Fortunately, The Publicity Hound’s Blog comes to my rescue with a list of 19 topics for fiction authors to blog about. And ironically, given the difficulty in coming up with topics for an article, the first topic is what writing problems do you struggle with, and how do you solve them?
Perhaps not my first problem, but my most pressing problem, is a lack of ideas. This affects my non-fiction writing more than my fiction, but the solutions for one are applicable to the other.
When I lack ideas for a story I look at the news—perhaps the headlines, perhaps the more human interest stories—regardless there is usually something interesting there, the germ of an idea to work with. The next step is to give it a twist, that unique slant that turns it from an idea to a compelling story.
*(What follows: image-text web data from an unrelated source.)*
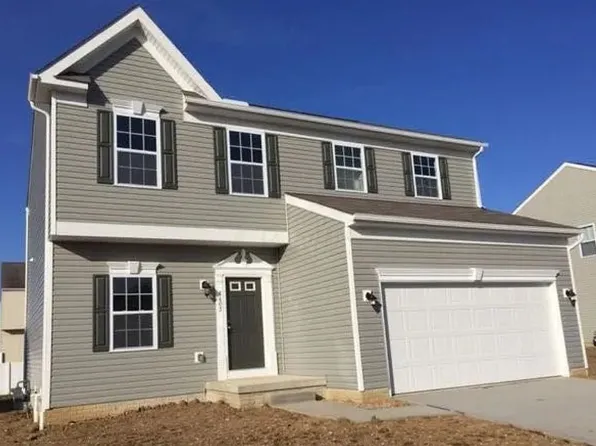 5605 Red Alder St, Groveport, OH 43125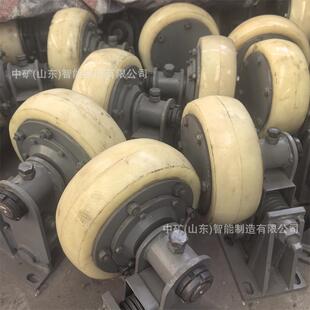 矿用钢丝绳缓轮冲矿用罐耳罐耳聚氨酯滚罐耳聚氨单酯罐耳轮胶圈轮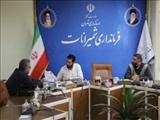 برگزاری هفدهمین ملاقات مردمی فرماندار شمیرانات در سال ۱۴۰۱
Past experiences, your own or those of family and friends are also a rich seem to be mined, particularly when writing human drama, rather than action, crime, SF etc.
So for non-fiction often I’ll draw on ideas from blogposts or news articles I’ve encountered about writing or publishing, either taking them as the jumping off point for tangential thought, or providing my own commentary on them. An example would be based on a piece from The Times, or when I drew on my own family experience to write about the first book that I remember reading.
Of course the most useful tip I can give is to have your very own muse. As I said before, it’s not that I can’t write. Once I get the bit between my teeth, the words seem to flow. It’s getting the idea. And for that, I can very often rely on my wife, who on a Saturday evening will ask “have you done your Sunday article?”. If by the mournful shake of my head she sees that no, I haven’t, she’ll sit and think for a few moments, then say “How about writing about…” and more often than not I’ll have my article. At a conservative estimate Julia is responsible for about one-third of the topics for the articles. If I could bottle her influence and sell it to writers, I’d be a rich man.
My other great problem is knowing when to stop. This is a tricky one to deal with. When writing articles, when the ideas are flowing, it’s very easy to pile example on example, to give every thought space to be heard. Sometimes thoughts can crowd your head, pouring out of your fingers so fast you struggle to capture them all as you type. You become so enamoured with the descriptive beauty of a paragraph, you fail to see that it has rambled on and on for several pages.
Less is more. Wordy, flowery, overwritten work is not good writing, and however in love you are with language, it comes across more as being in love with your own (authorial) voice.
Julia describes my dual problems as a sort of literary inertia. Once I get going, I’m fine, but you have the devil of a time getting me started, or trying to stop me.
Endings are tricky things. Even if you keep going until you run out of steam, you don’t necessarily have “an ending”, merely a “halt”. Endings tie everything up, draw it to a close, sum it all up. Simply stopping makes it sound like you’ve run into Candlejack.
Write until you’ve got nothing more to give. Then go back and trim the fat. Find your point in each paragraph, and strip out anything that either isn’t the point, or is extraneous detail. Then return to the point you finished, and sum up your ideas, or draw the writing to a close with something thematic, maybe a phrase from someone you consider more expert than you. As Billy Joel once said when interviewed about the structure of one of his songs, “just give it an end”.
And on that note, I should take my own advice.